_What you need to do:_
Take the line that contains "hausmeisterservice-bedburg.de" and every line below it to the end of the entries, and give them again exactly, leaving out any pictures.

BEGIN Given entries

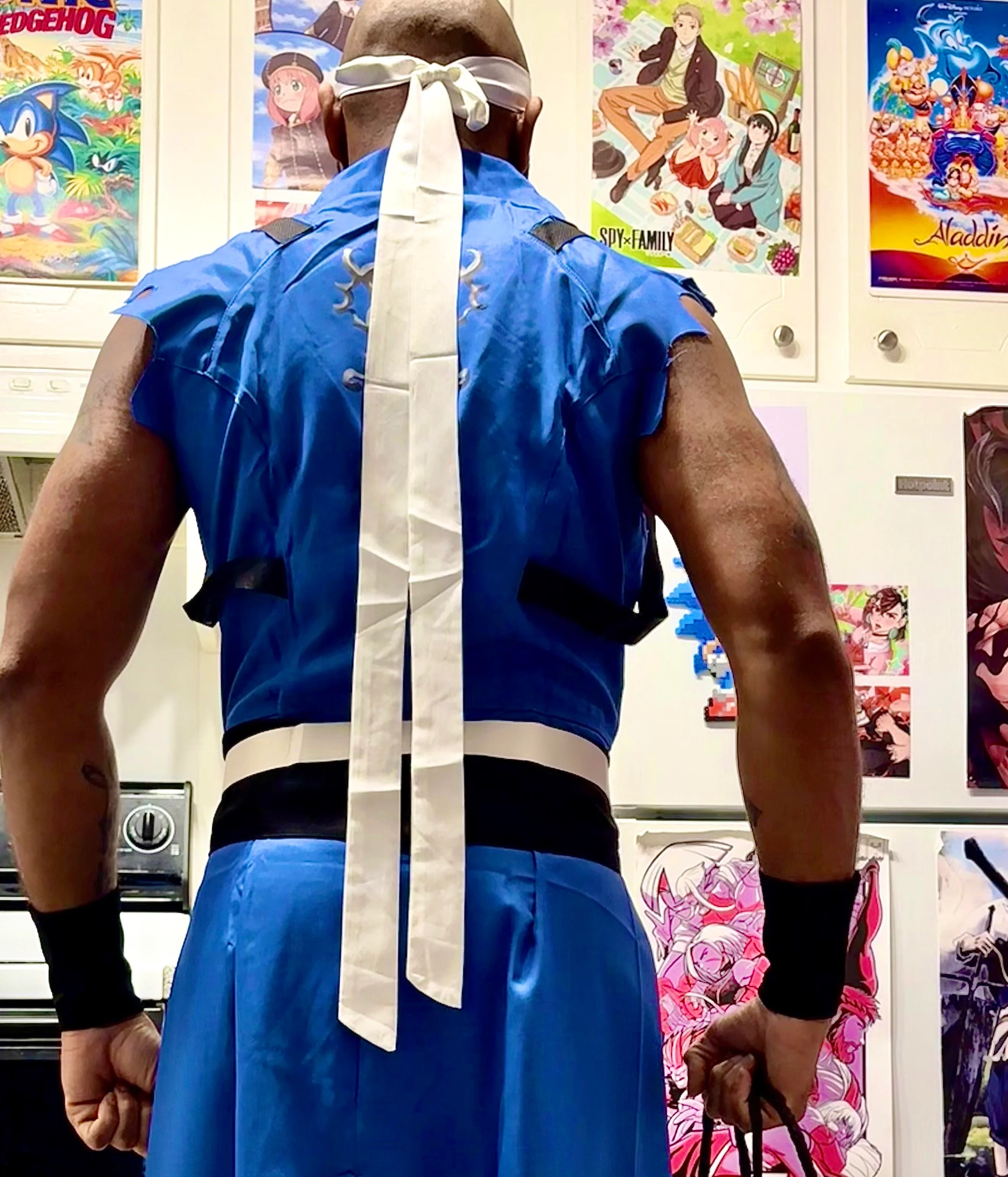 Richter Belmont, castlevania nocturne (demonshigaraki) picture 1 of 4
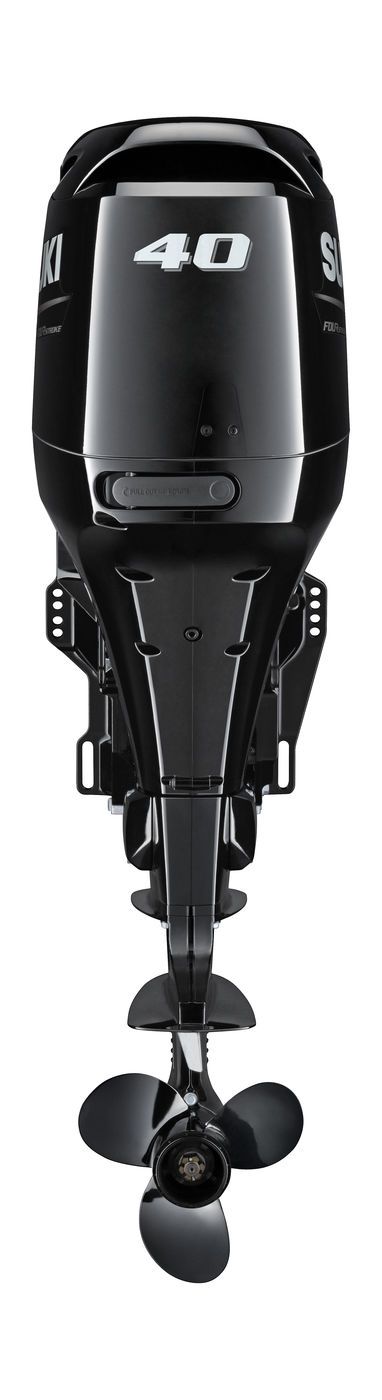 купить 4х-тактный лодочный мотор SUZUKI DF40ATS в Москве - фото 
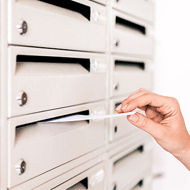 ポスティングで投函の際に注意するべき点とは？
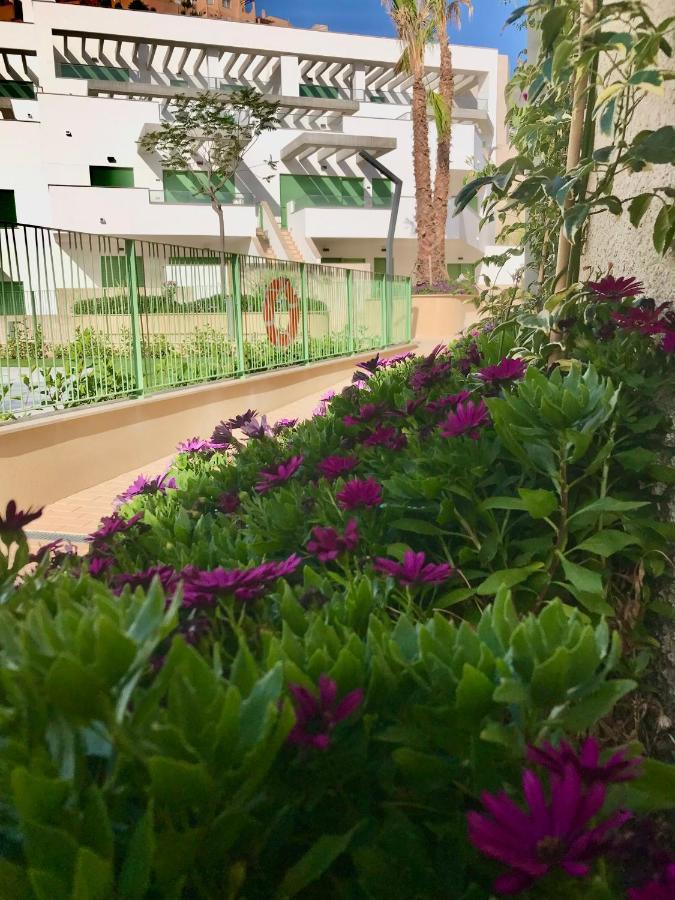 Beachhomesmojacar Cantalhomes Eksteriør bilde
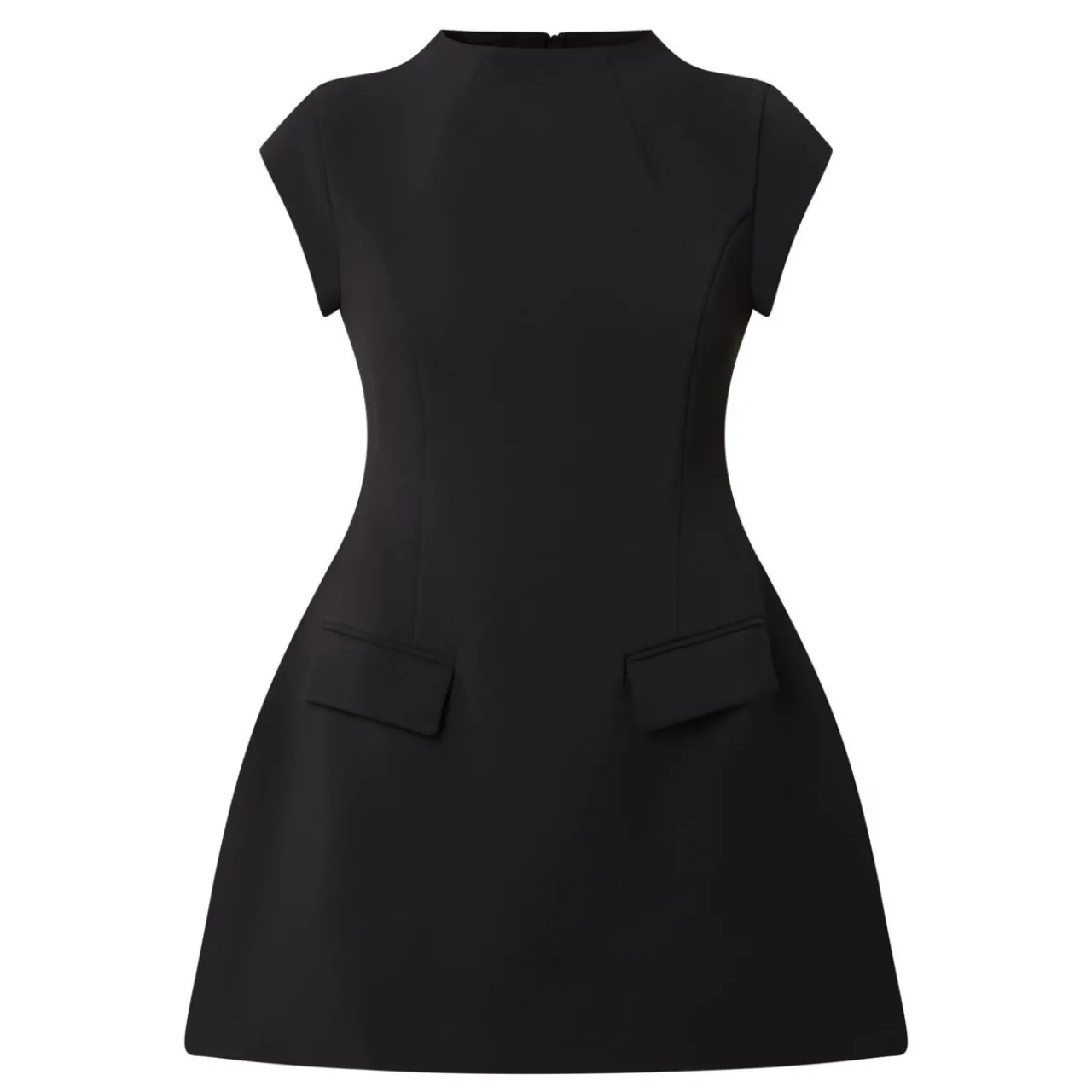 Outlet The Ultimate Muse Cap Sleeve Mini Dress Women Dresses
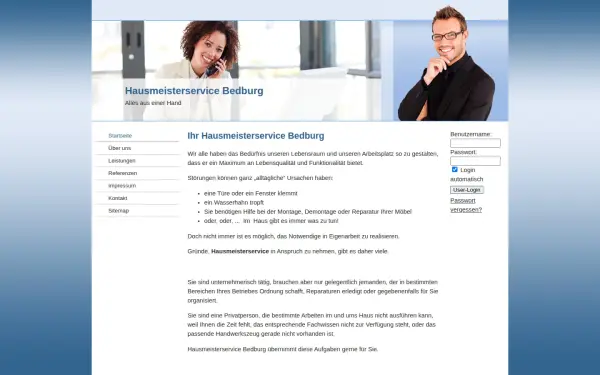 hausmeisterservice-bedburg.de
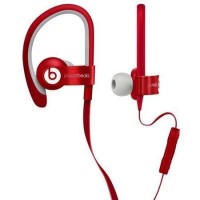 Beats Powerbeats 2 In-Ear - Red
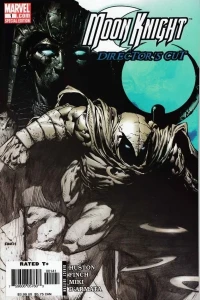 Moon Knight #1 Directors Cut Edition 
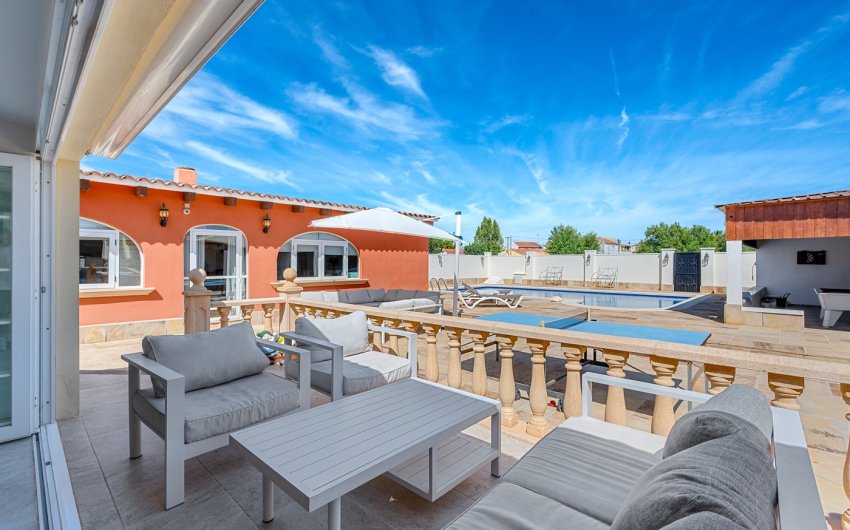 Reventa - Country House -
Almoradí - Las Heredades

END Given entries

_Result of this task:_
 hausmeisterservice-bedburg.de
 Beats Powerbeats 2 In-Ear - Red
 Moon Knight #1 Directors Cut Edition 
 Reventa - Country House -
Almoradí - Las Heredades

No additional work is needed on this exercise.